Ein letztes, am 30.04. vermeldetes hoch interessantes Entwicklungsprojekt ist das eines mit Ology Bioservices Inc. (Seattle/USA) künftigen gemeinsamen Screenings potenzieller Antikörper gegen das Covid 19-Corona-Virus, wobei dieser Auftrag sogar direkt von der entsprechenden Wissenschaftsstelle des US-Verteidigungsministeriums zur Abwehr chemischer, biologischer, radiologischer und nuklearer (CBRN-)Bedrohungen kam. Auch dieses Programm wird, trotz ebenso fehlender finanzieller Details, aus unserer Sicht hochgradig dadurch aufgewertet, dass es diesmal von einer öffentlichen Regierungsstelle vergeben wurde. Für die Zukunft sollte auch dieser öffentliche Bereich generell ein überaus erfolgsversprechendes Kundensegment von Evotec sein, was bei weiteren ähnlich gelagerten Projekten die Ertragsbasis des Konzerns grundsätzlich weiter deutlich verstetigen könnte.         

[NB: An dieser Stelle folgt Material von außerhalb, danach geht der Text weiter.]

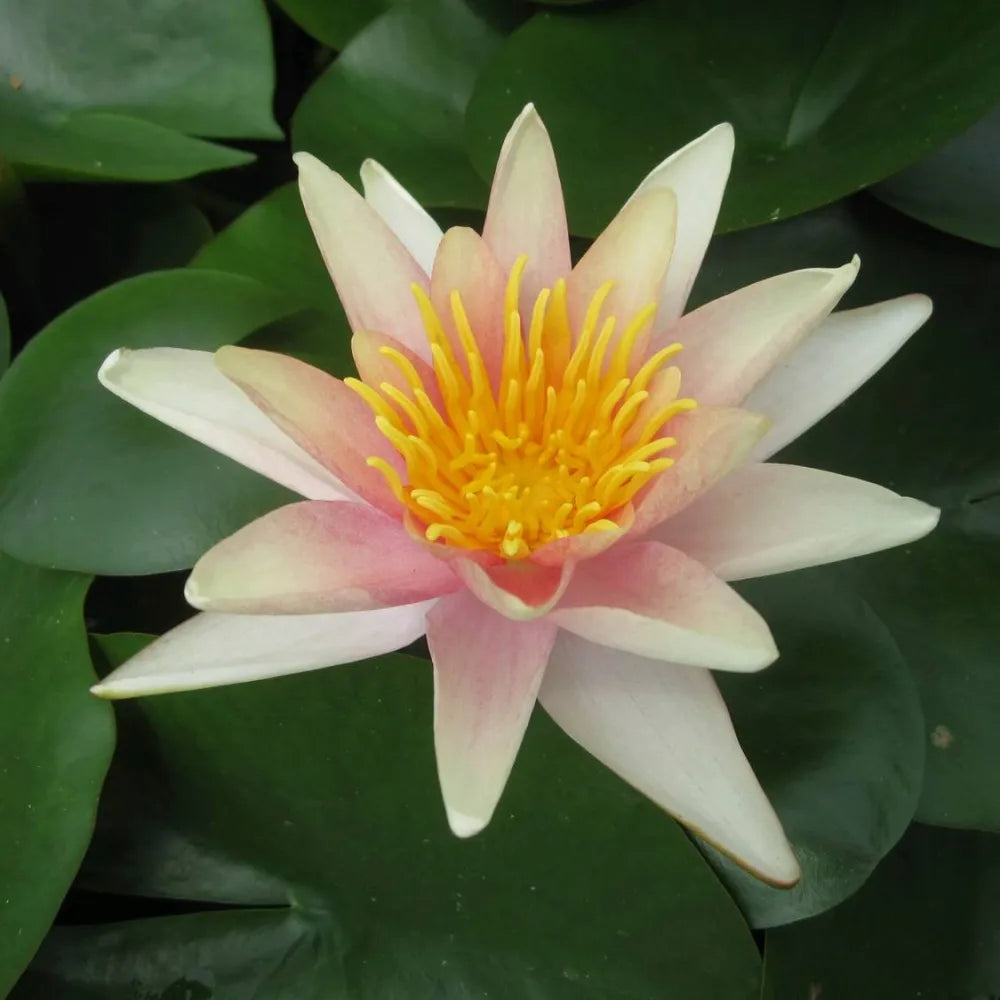 Nymphaea ‘Sioux’ | ‘Sioux’ water lily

                                     

Fazit: Aktienbewertung und Anlageurteil 

 

Unser größter Vorbehalt gegen die Evotec-Aktie und ihre perspektivische Bewertungseinstufung liegt derzeit ohne Frage darin, dass trotz eines noch so dynamischen Ausbaus zukunftsträchtiger Forschungs- und Entwicklungsprojekte (Ende 2019 Beteiligung an nicht weniger als 769 Partnerschaften) aus unterschiedlichsten Gründen die Gewinnerzielung hiermit im Gesamtjahr 2019 in keiner Weise Schritt halten konnte. Dies hat sich auch im 1. Quartal 2020 operativ in ähnlicher Weise fortgesetzt und dürfte sich im Falle der Realisierung der Konzernprojektionen wie auch der Analystenschätzungen im Gesamtjahr 2020 nicht grundlegend ändern. 

Hierin sehen wir auch den völlig nachvollziehbaren Grund, warum die Evotec – Aktie bereits seit Herbst 2017 (als das Aktien-KGV nach einem extrem enttäuschenden 3. Quartal erstmals wieder auf rd. 75 hochschoss) charttechnisch seither in einen deutlich moderateren Aufwärtstrend bzw. seit Juli 2019 nun definitorisch sogar in eine Konsolidierung übergegangen ist. 

Auf Basis laufender Gewinne und auch der Schätzungen der Analysten hat sich das KGV (2020e) nun mittlerweile sogar auf rd. 90 ausgebaut, so dass selbst ein prognostizierter Rückgang des KGVs bis Ende 2022 auf rd. 60 (= Nettogewinnanstieg um 50 %) immer noch ein Niveau darstellen würde, bei dem die Aktie aus unserer Sicht derzeit im internationalen Sektorvergleich profitabler Biotech-Konzerne ambitioniert bewertet wäre (z.B. KGV Sartorius Stedim Biotech 2022e = 49).

Daher ist aus unserer Sicht auf Basis der zurückliegenden und jetzigen durchaus vielversprechenden Projekte durch den Konzern sowie entsprechende Unternehmensverlautbarungen nun dringend der Nachweis anzutreten, dass spätestens ab Anfang 2021 wieder ein Trend zu deutlich zweistelligen prozentualen Nettogewinn-Wachstumsraten eingeschlagen wird, um die jetzige hohe Aktienbewertung zu rechtfertigen. 

Im Vertrauen auf eine solche Realisierung behalten wir unsere Aktienposition im Themendepot ZUKUNFTSTECHNOLOGIEN vorerst bei, werden aber die operative Gewinn- und KGV-Entwicklung des Konzerns hierbei künftig genau im Auge behalten.